Drives.today

1970 Colani Lamborghini Miura

Designer Luigi Colani’s Madcap articulated Miura-Based Supercar.

Story by Chris Rees

Colani’s weird and wonderful Miura concept

OBSCURATI

CURIOSITIES FROM THE AMAZING WORLD OF ITALIAN CARS

In 1966, the Lamborghini Miura changed the world forever. It created a new car class – the supercar – and its Marcello Gandini-penned shape fired imaginations across the world. It was wild, sensational, extreme.

But not extreme enough for a certain Luigi Colani. This iconoclast of the design world, the son of a Swiss-Italian father, was born as Lutz Colani in Berlin in 1928 but later changed his name to the Italian form, Luigi. A prolific industrial designer, he had a strict penchant for ‘biodynamic’ design, characterised by curvaceous, organic forms.

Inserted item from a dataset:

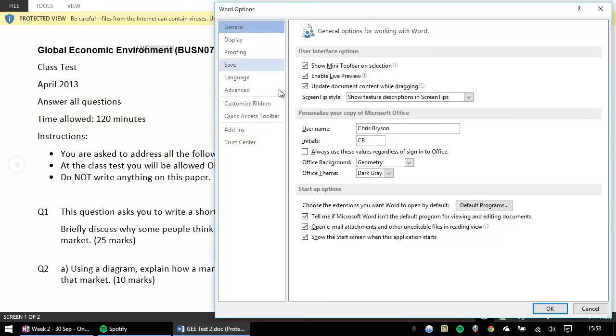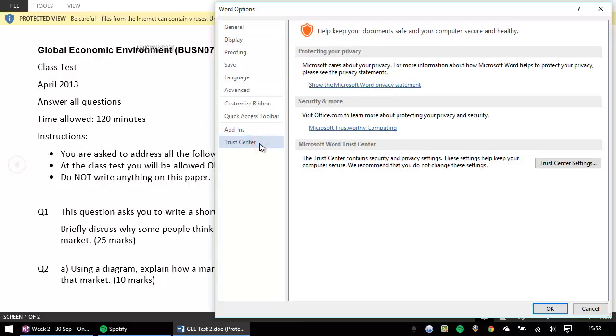From the options screen, select Trust Centre on the left-hand panel, followed by the Trust Centre settings button on the right-hand side.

The Miura for him represented an opportunity to express, as was his wont, something truly ‘out there’. In 1970, he presented a car that used Miura parts in a phantasmagorically outlandish new setting.

From the original Miura, only the rear half of the chassis was kept, complete with its powertrain and wheels. His idea was – wait for it – to concoct an articula vehicle, the front and rear ends moving independently of each other, with a simple metal bar between them. The enclosed front wheels were steered using a joystick sited centrally between the two seats.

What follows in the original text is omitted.